[Scraped caption text data]
____
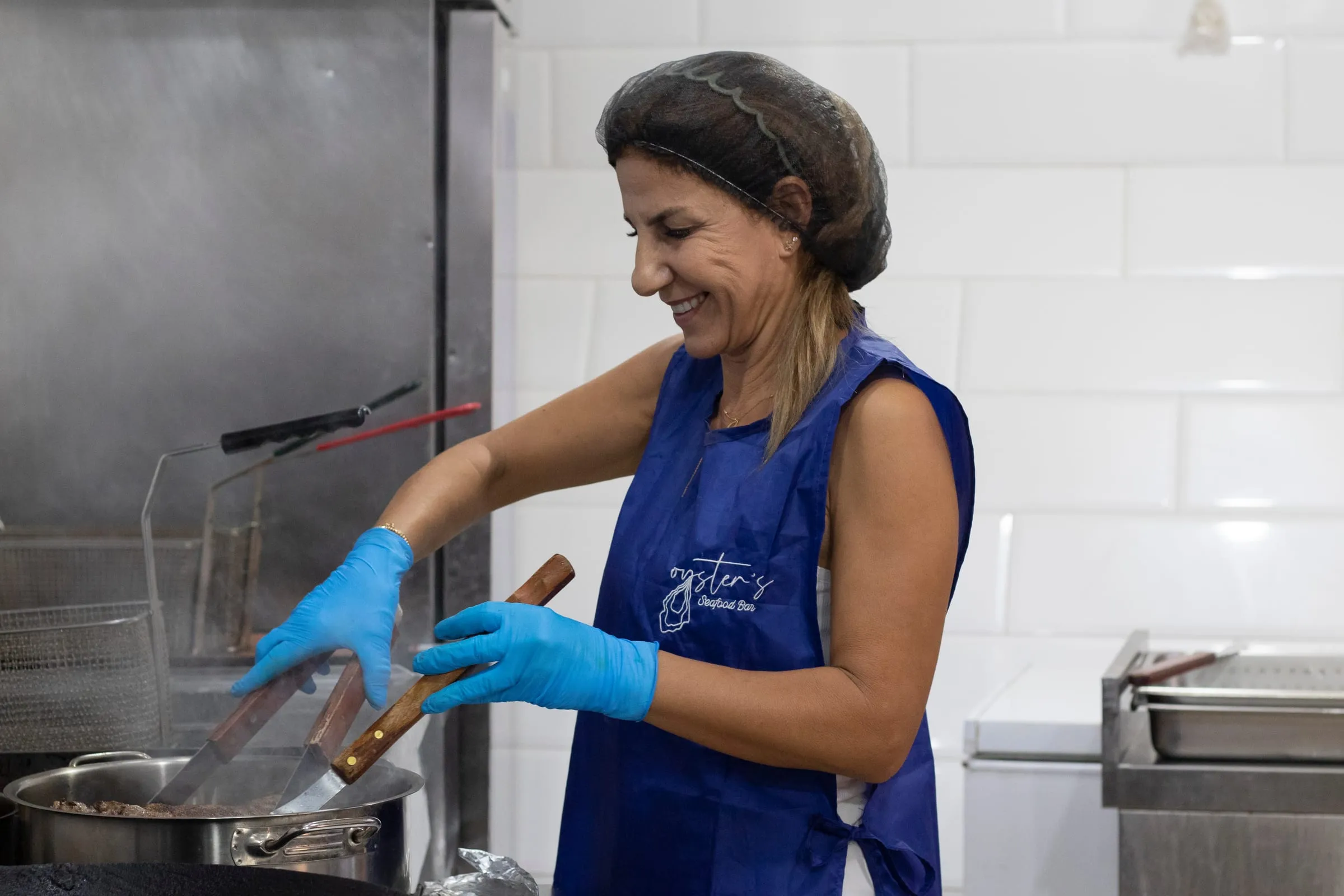Marcelle, our mother, cooking at the stove in the kitchen of Oyster's Seafood Bar, Batroun Mina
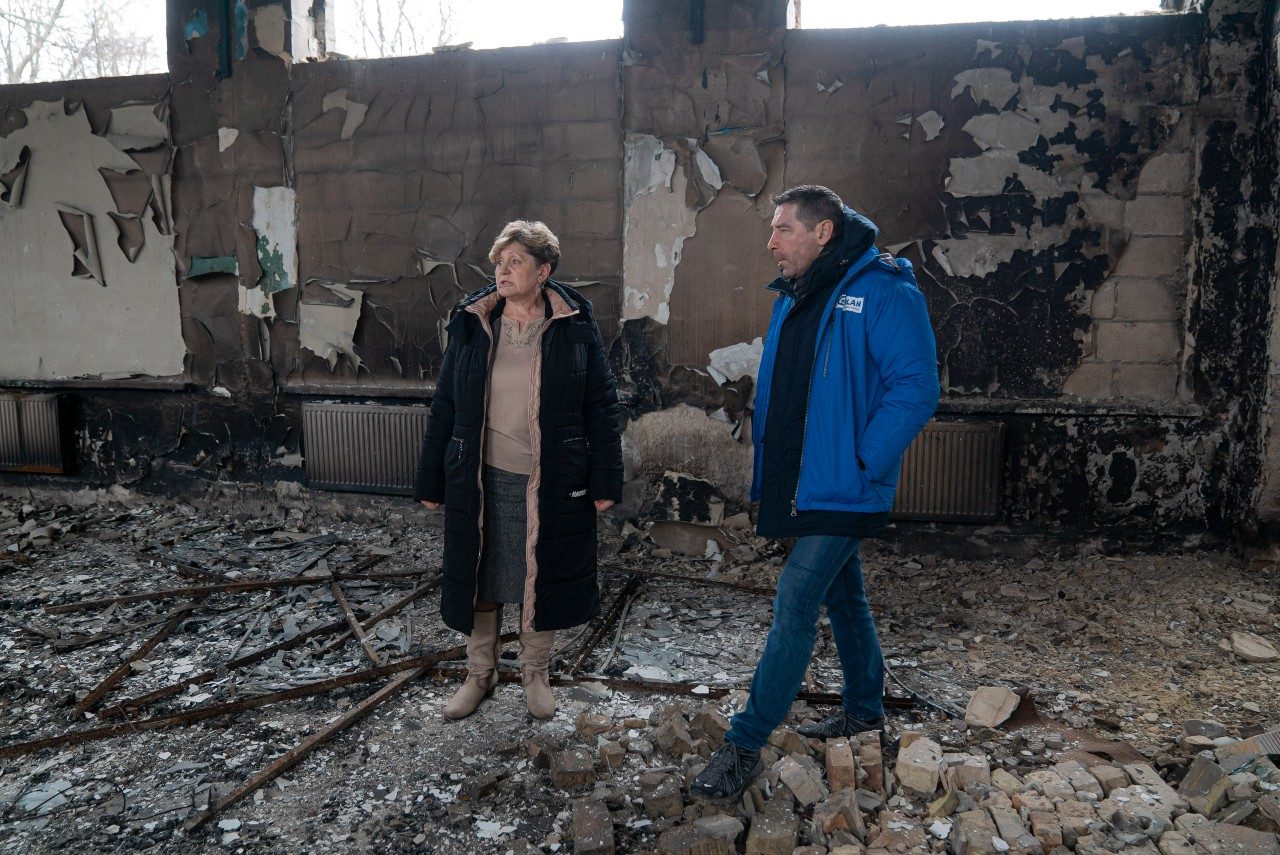 Sven Coppens and Ludmila, the headmaster, stand in the destroyed school building. Albina.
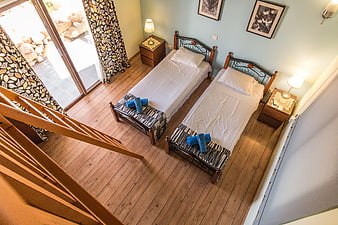 High Angle View of Twin Bedroom with Wooden Floors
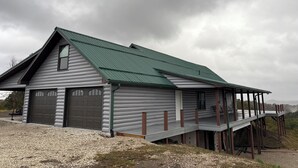 A two-story building with a green roof and a covered porch. - Secluded with amazing view (Jackson)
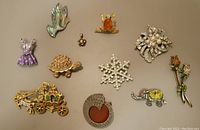 Top-down photo of a collection of 12 sparkly brooches and a small silver flower pendant featuring various designs including an elephant, turtle, snowflake, and carriage.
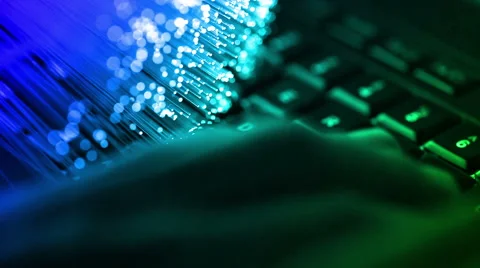 Typing on keyboard with Fiber optics background, shot in HD Stock Footage 66336016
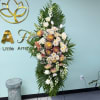 A tall, formal sympathy stand that offers a serene, pastel tribute for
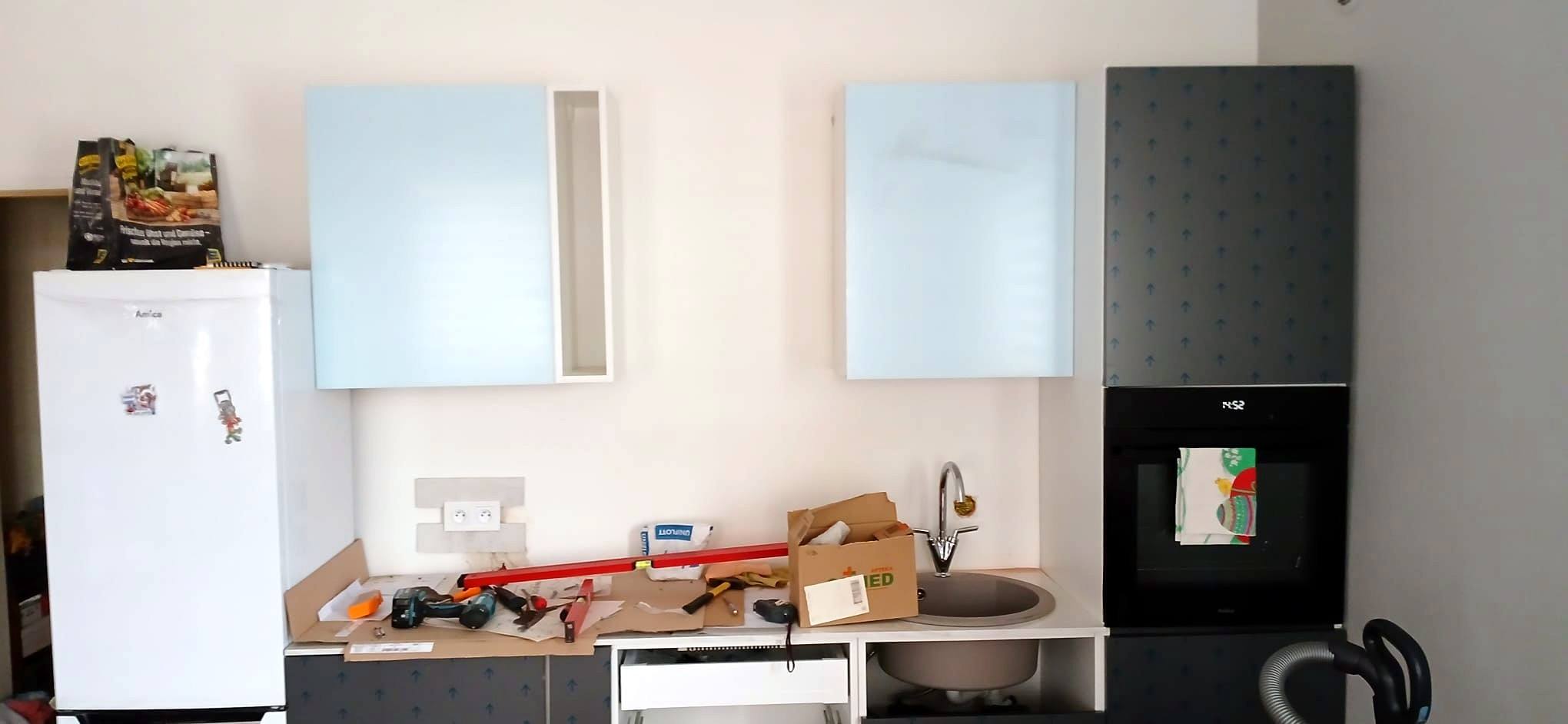 Wall units hung and base units going in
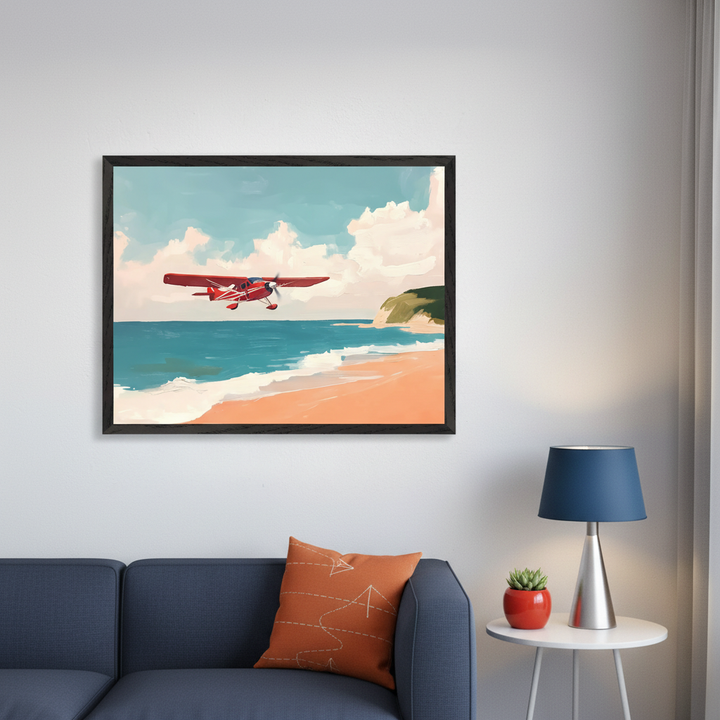 Modern living room with a dark blue sofa. A large framed painting of a red airplane flying over a sandy beach with blue water and a green cliff hangs above the sofa. A side table with a blue lamp is to the right.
____
## Instructions for the task
Drop every picture and repeat the rest of the entries exactly.

## Task output
Marcelle, our mother, cooking at the stove in the kitchen of Oyster's Seafood Bar, Batroun Mina
 Sven Coppens and Ludmila, the headmaster, stand in the destroyed school building. Albina.
 High Angle View of Twin Bedroom with Wooden Floors
 A two-story building with a green roof and a covered porch. - Secluded with amazing view (Jackson)
 Top-down photo of a collection of 12 sparkly brooches and a small silver flower pendant featuring various designs including an elephant, turtle, snowflake, and carriage.
 Typing on keyboard with Fiber optics background, shot in HD Stock Footage 66336016
 A tall, formal sympathy stand that offers a serene, pastel tribute for
 Wall units hung and base units going in
 Modern living room with a dark blue sofa. A large framed painting of a red airplane flying over a sandy beach with blue water and a green cliff hangs above the sofa. A side table with a blue lamp is to the right.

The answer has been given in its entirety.